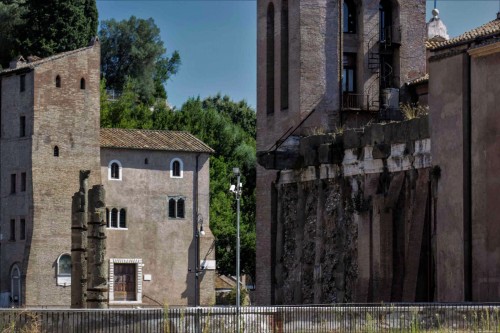 Basilica of San Nicola in Carcere, northern side of the church, columns of the old Temple of Janus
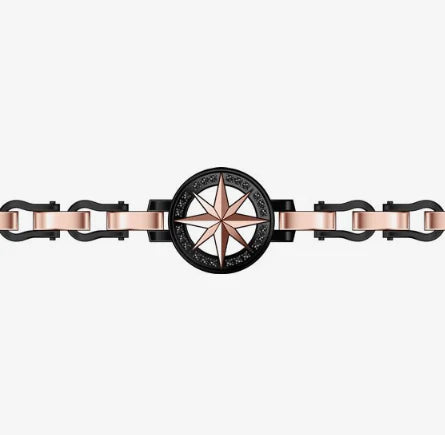 Bracciale Uomo Nero e Rosato con Rosa dei Venti EHB245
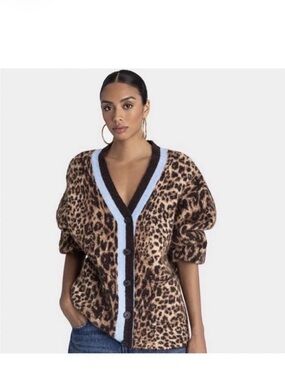 Leopard Print Button-Front Cardigan with Contrasting Trim XXL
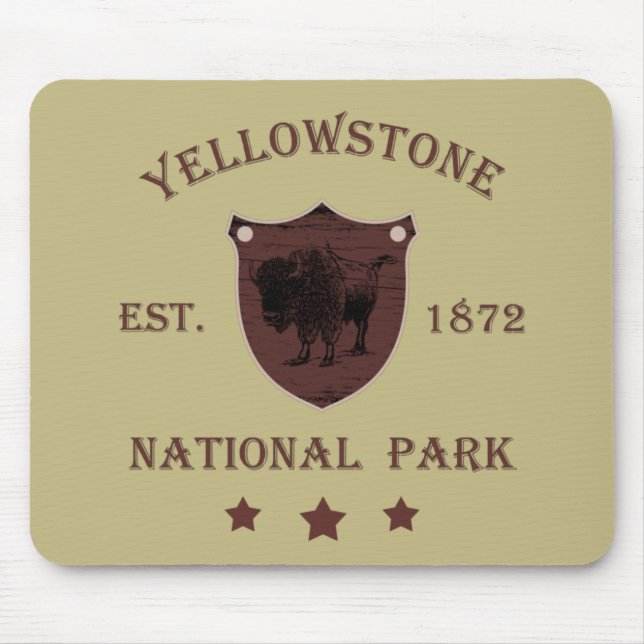 Alfombrilla De Ratón Bison Parque Nacional Yellowstone (Frente)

────────

## WHAT TO DO
Please copy the data shown above word for word, omitting the pictures.

## RESPONSE BELOW
 Basilica of San Nicola in Carcere, northern side of the church, columns of the old Temple of Janus
 Bracciale Uomo Nero e Rosato con Rosa dei Venti EHB245
 Leopard Print Button-Front Cardigan with Contrasting Trim XXL
 Alfombrilla De Ratón Bison Parque Nacional Yellowstone (Frente)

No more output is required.